In his chapter “Of Figures,” Puttenham points out that figures of speech have an intrinsic doubleness or duality, since they go beyond the limits of common utterance and plain speech. Metaphor, for example, is “an inversion of sense by transport”; allegory contains “a duplicitie of meaning or dissimulation under covert and dark intendments” (154). As such, all of these figures are subject to abuse; in the hands of the poet, however, whose only purpose is to please his hearers, such dissimulations are not vices but virtues, provided he observes decorum and measure in the use of his figures (155). Puttenham proceeds to explain that, just as the Greeks and Romans devised names for the various figures, so he will devise English terms for them. Puttenham reminds his reader that his text is intended “for the learning of Ladies and young Gentlewomen, or idle Courtiers, desirous to become skilful in their owne mother tongue.” He wishes to instruct them for their “private recreation,” for the purposes of “Courting” as well as of “poesie” (158). In chapter XV Puttenham begins by renewing his address to Queen Elizabeth, and reaffirming his own status as a court poet, providing “entertainment to Princes, Ladies of honour, Gentlewomen and Gentlemen,” entertainment which includes offering solace and giving serious advice “in matters . . . profitable as pleasant and honest” (298–299).

Puttenham sees the arts of grammar, rhetoric, and logic as simply a formalization – acquired by “studious observation” and practice – of his natural abilities. And the poet’s relation to nature comprehends all of the foregoing possibilities, integrating imitation, supplementation, and invention (306).
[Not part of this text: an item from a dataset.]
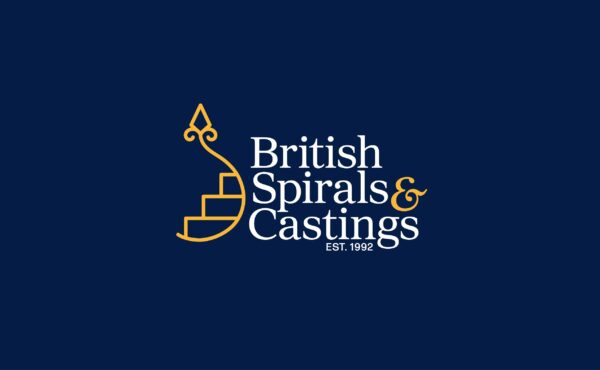 British Spirals & Castings logo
But, like Sidney Puttenham urges that poetry is unique among the arts inasmuch as it is enabled by “a cleare and bright phantasie and imagination.” The poet, in fact, works in the same way that nature does: “even as nature her selfe working by her owne peculiar vertue and proper instinct and not by example or meditation or exercise as all other artificers do, [the poet] is then most admired when he is most naturall and least artificiall” (307). Puttenham’s text represents in many ways an important stage in the development of modern English criticism, long anticipating what will become Romantic reactions against neoclassicism, and even moving toward a notion of art as primarily offering pleasure. The overt emphasis on pleasure, as opposed to moral instruction, is an implicit – though not at this stage a consciously or precisely formulated – gesture toward poetic autonomy.

 

Notes
1.George Puttenham, The Arte of English Poesie, ed. Gladys Doidge Willcock and Alice Walker (1936; rpt. Cambridge: Cambridge University Press, 1970), p. xcii. Some of my comments are indebted to the editors’ introduction. All subsequent page citations refer to this edition.